La joven salió de la habitación. Flotaba como si la sostuviera una nube. «Qué hombre tan guapo», se decía a sí misma.
El destino estaba confabulando. Al día siguiente, volvieron a encontrarse en una calle, cerca de la pensión.
—Hola, Ana, ¿qué haces por aquí?—inquirió el, deseando que ella se parara hablar con el
—Estoy haciéndole un recado a mi tía.—
—¿Te apetece tomar un café o cualquier otra cosa?
—No, gracias. Tengo que volver a casa, si tardo mucho se enfadará.
—Bueno, como quieras, ya nos veremos entonces. Adiós, Ana.
—Adiós.
Él la vio alejarse, fijó en ella su mirada suave hasta perderse tras una esquina entre la gente. «¿Qué me pasa con esta chiquilla? —se repetía—. Si es solo una niña, ¿será posible que esté sintiendo algo más por ella?», pensaba mientras movía la cabeza, como si pudiera sacudirse esos pensamientos.
No pasaba un día sin verla, al ir o regresar del trabajo. El amor comenzaba a nacer dentro de él, pero su razón le decía que no debía dejar que esto sucediese, pues ella aún era muy joven y, además, su estancia en Sevilla era solo temporal.

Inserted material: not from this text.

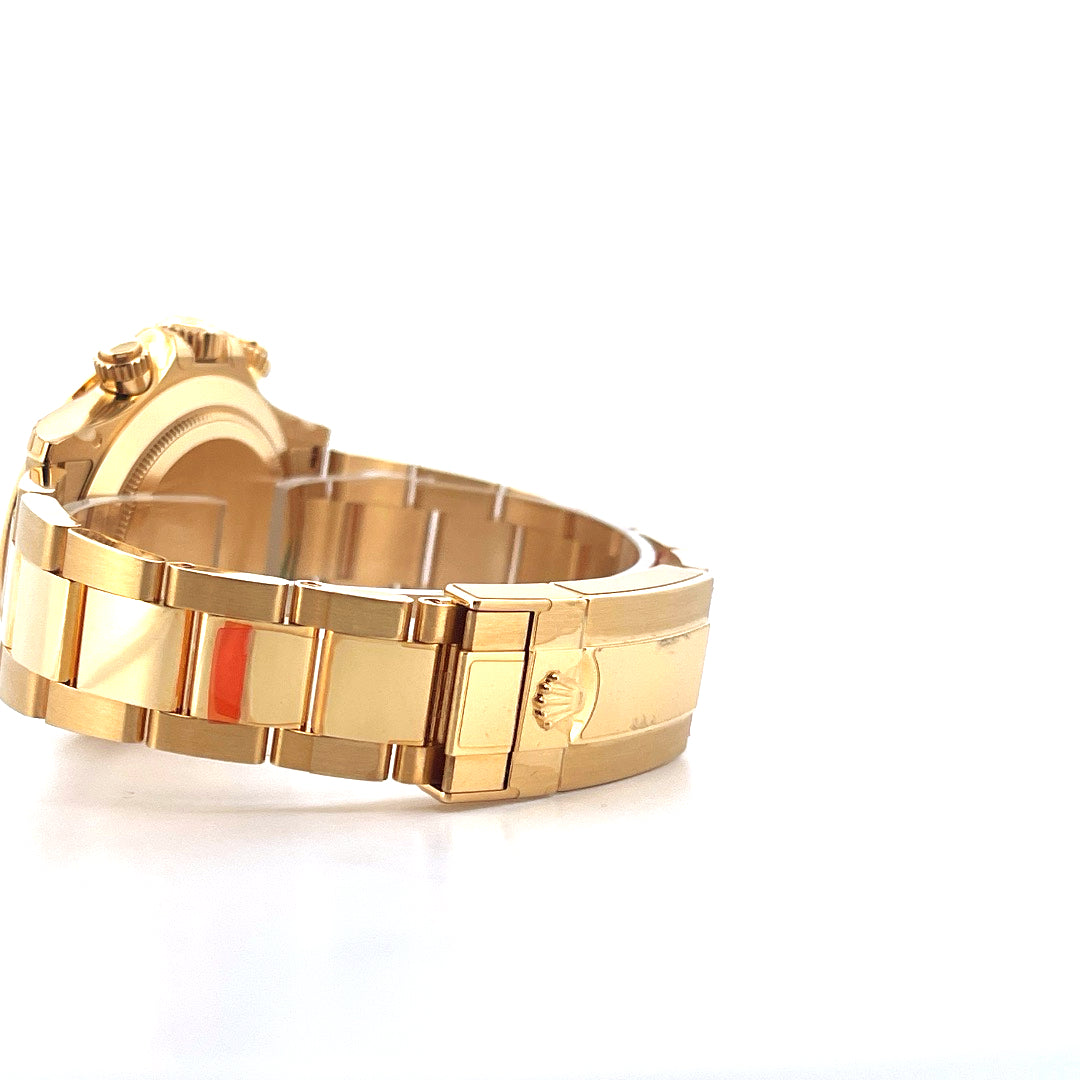 Rolex - Daytona / Gelbgold / Original Sticker / 2021 - [product_sku]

Sin embargo, no podía evitar buscar mil excusas para verla de nuevo, pidiendo cualquier cosa con la esperanza de que fuese Ana quien viniese a traérsela. A veces, tenía suerte. Después de cinco meses, se atrevió a dar un paso respecto a ella, que posiblemente lo lamentaría, muy pronto.
—Deseo hablar contigo —pidió con un nudo en la boca delestómago. Entraron en la habitación. Él estaba nervioso, le costaba creer quelo que sentía por ella pudiera estar ocurriéndole. —Ana, no puedo luchar contra mis sentimientos. No vivo si no te veo. Estoy nervioso cuando estoy cerca de ti. Mi corazón se acelera cuando estás a mi lado. Me gustas, Ana, me gustas mucho.

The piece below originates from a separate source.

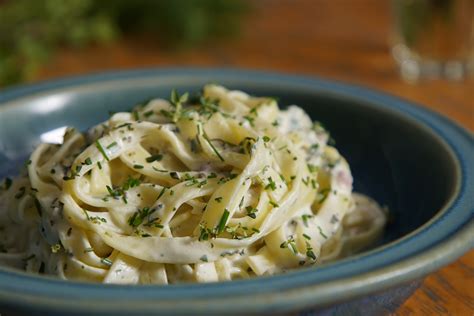 pasta-tossed-with-greek-yogurt-and-herbs-diane image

Ana sintió vergüenza, pero respondió con su voz suave.
—A mí también me gusta usted.—susurró con la voz que apena salía de su garganta
—¿Qué edad tienes?
—Tengo dieciséis años.
Diez años más joven que él. Estaba loco por haberse enamorado de ella, pero su amor era más fuerte que la razón. Aquella noche perdió la cabeza. La besó, la acarició y vio su amor correspondido por las tímidas caricias de ella. Ana sintió algo bello y abrasador. La certeza de que él la quería la hizo morir en su abrazo. Siempre recordaría que aquella noche, él la trató con respeto y una inmensa ternura.
Capítulo 3
Una mano en su hombro la sobresaltó, haciendo que volviese con brusquedad a la realidad.

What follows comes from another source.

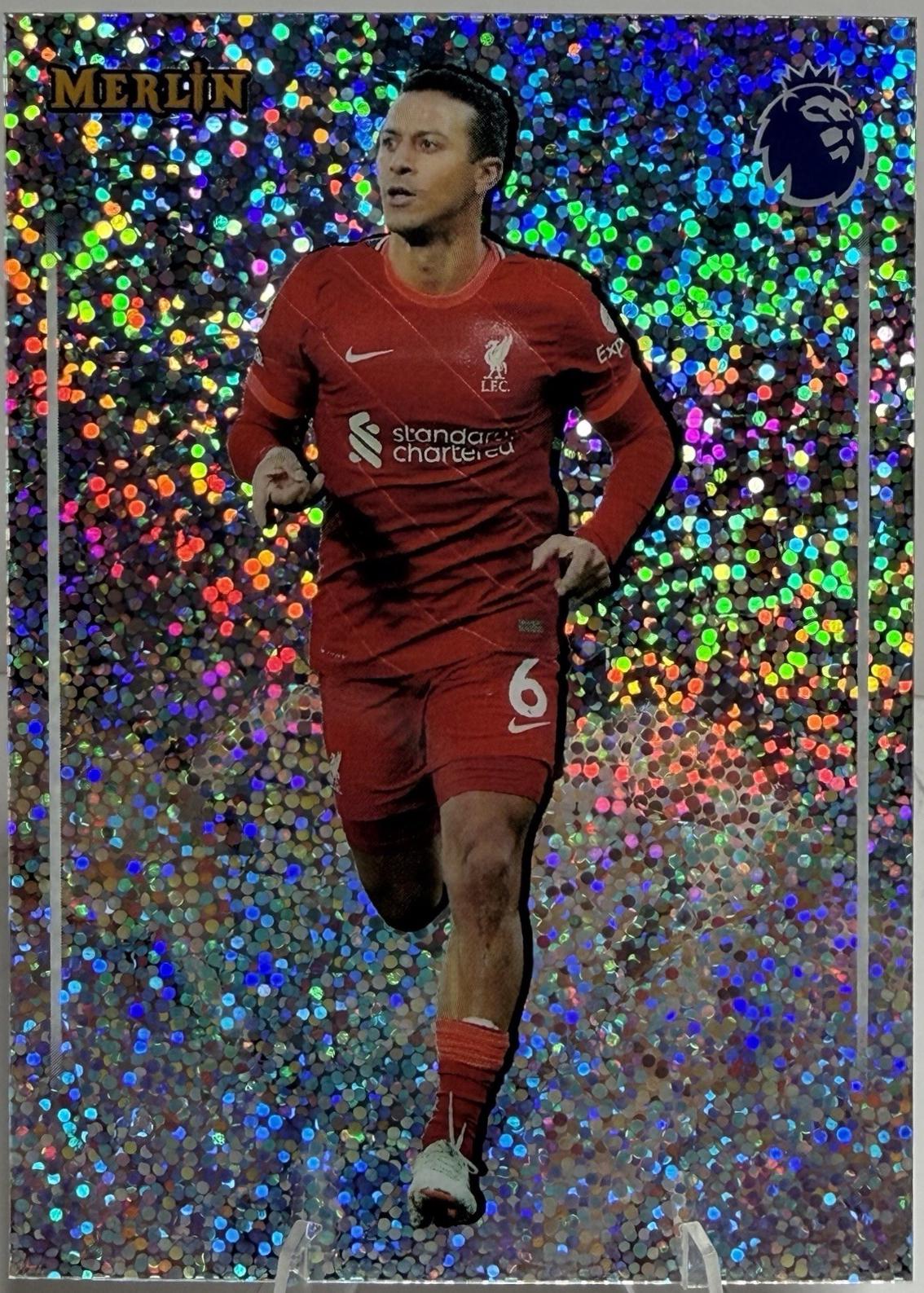 Thiago Alcantara #TS-12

—¿Ha pensado usted en lo que le he dicho? —le preguntó el médico—. Tiene que darme una respuesta, el tiempo se agota.
—Aún no he decidido nada—espetó sin fuerza
—Recuerde que no es ella quien puede dar la respuesta. Piense cuántas vidas salvaría.
Ana se dio cuenta en aquel momento y comprendiendo, de, que fuese cual fuese su decisión, su niña no regresaría a su lado, la había perdido para siempre.
—De acuerdo, pero con una condición.
El doctor se quedó un poco asombrado.
—Dígame cuál es.
Ana no pensaba en lo que decía, ni sabía lo que pretendía, solo que sus palabras surgían desde un sentimiento desconocido, como si alguien ajeno y superior a ella se las estuviese dictando.